La réponse encore une fois est simple : poursuivre comme l’Église l’a toujours fait en suivant les pasteurs qui sont sains. Nous avons plusieurs exemples : les cardinaux Sarah, Burke, Müller, Branmüller ou encore Monseigneur Schneider. Certes les voix sont peu nombreuses mais lorsque saint Athanase combattit l’arianisme, il était presque seul face aux hérétiques. Il ne faut pas perdre espoir et rejeter l’Église car sinon nous ne faisons que créer des problèmes encore plus nombreux qu’il serait impossible de régler et qui, finalement, seraient des indications que l’Église n’est plus.

La Tradition est sa propre autorité. Ceux qui la suivent ne font que confirmer leurs frères dans la foi. Ceux qui la contredisent se condamnent eux-mêmes par leurs propres actes et paroles. Il est donc important d’être formé mais également de se lier, au moins moralement pour les fidèles et ecclésiastiquement (autant que cela est possible) pour les clercs, avec une autorité saine.

Les exemples plus récents de Monseigneur Lefebvre ou encore de Dom Gérard Calvet montrent qu’il est parfois nécessaire de faire un pas en arrière afin de survivre avant que l’autorité, assainie au moins pour un temps, reconnaisse le bienfondé des actes de « désobéissance » matérielle.

La media via est donc la communion avec l’autorité, même exercée d’une mauvaise manière, tout en « désobéissant » si elle demande des choses contraires à la foi et aux mœurs. Le plus important est de garder et de cultiver la vertu d’espérance. Nous pouvons, et devons, par charité, prier et faire des sacrifices pour tous les pasteurs ; pour leur courage ou leur conversion. Implorons le Très-Haut qu’Il daigne abréger cette crise et redonner à Son Épouse sa splendeur et sa sainteté visible dans ce monde qui en a tant besoin.

En guise de conclusion, nous pouvons méditer ces mots de Léon XIII :

« À qui veut régénérer une société quelconque en décadence, on prescrit avec raison de la ramener à ses origines. La perfection de toute société consiste, en effet, à poursuivre et à atteindre la fin en vue de laquelle elle a été fondée, en sorte que tous les mouvements et tous les actes de la vie sociale naissent du même principe d’où est née la société. Aussi, s’écarter de la fin, c’est aller à la mort ; y revenir, c’est reprendre vie [4] ».
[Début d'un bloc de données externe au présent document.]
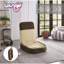 Chaise en filet Mesh, noir-805992978
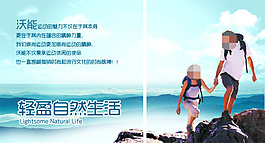 沃能運(yùn)動服裝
Voilà ce qui assainira l’Église : le retour à la Tradition, car si nous sommes coupés d’elle :

« Nous voyons cette approche non seulement dans la théologie morale, mais aussi dans la liturgie. Des traditions sacrées qui ont bien servi l’Église pendant des centaines d’années sont maintenant présentées comme dangereuses. L’accent mis sur l’horizontal repousse le vertical, comme si Dieu était une expérience plutôt qu’une réalité ontologique [5] ».

Soyons donc fort et pleins d’espérance pour aller de l’avant : Duc in altum !

+ G.


[1] 1869 – suspendu sine die en 1870.
[2] v. 1054
[3] CDC 1983, LII, I, 1, art. 1.
[4] Léon XIII, Encyclique Rerum novarum.
[5] Conférence de S. E. R. card. Sarah, donnée le 14 juin 2024 au NAPA Institute.